Initially it was very tough. We would trek to the mountains carrying 30-35 kgs of load, gradually we became more aware of trekking equipment available in India, we replaced 25 kgs of canvas tents with 3 kgs of light weight tents. I got to know what I was already doing independently could be made even easier, so I started encouraging it, then we went on to conquer Friendship peak in just 3 days.
With more motivation and technical skills acquired through courses, we started conquering mountains in Alpine style, last year we conquered CB13, a peak in the Chandrabhaga range, in Apline style.
What is this Alpine style of trekking?
Alpine style means mountaineering in a self-sufficient manner, that is we carry all of our food, shelter and equipment by ourselves as one climbs, there is no fixed line of stocked camps on the mountain which can be accessed at our leisure. There are no fixed ropes, supplemental oxygen or high-altitude porters and Sherpas to our aid.
That must require a lot of experience and skills. What were some of the biggest challenges you had to face?
I had attempted this Western Himalayan Traverse solo last year. Due to high altitude, bad timing and poor quality of equipment, I had to stop after crossing the first pass. I spent three days in the cold by myself, while suffering from bronchitis, until a local guide spotted my tent, and with their help I was brought down, by that time my sickness had turned into pneumonia.
Since there is no network connectivity in the mountains, this time we have improvised the trek, we are taking better equipment, and three of us are going so that even if one falls sick, the second person can stay with him and the third can go seek help.

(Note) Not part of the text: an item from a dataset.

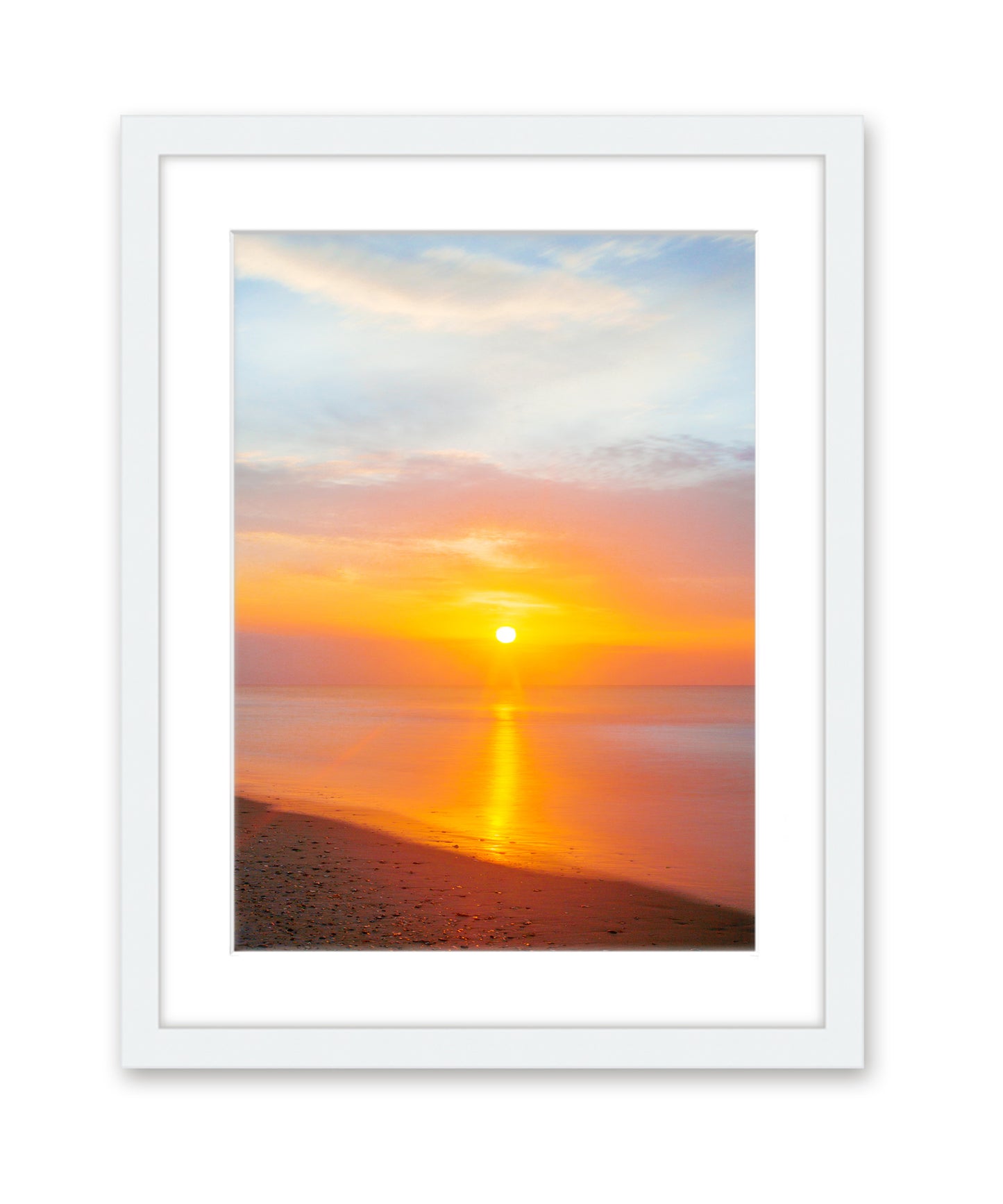 Colorful Sunrise Wrightsville Beach Photograph, White Wood Frame by Wright and Roam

And what do you plan to achieve while you climb these mountains?
There is extreme dearth of outdoor skill development resources in Indian Himalayas, be it rock climbing walls, technical equipment or any outdoor development resource. We aim to create awareness, provide assistance and build infrastructure for the same, so that we can achieve world class mountaineering skills and support in Indian Himalayas. Because Himalayas are the biggest adventure ground in the world, and despite that there is hardly any development in mountaineering/trekking.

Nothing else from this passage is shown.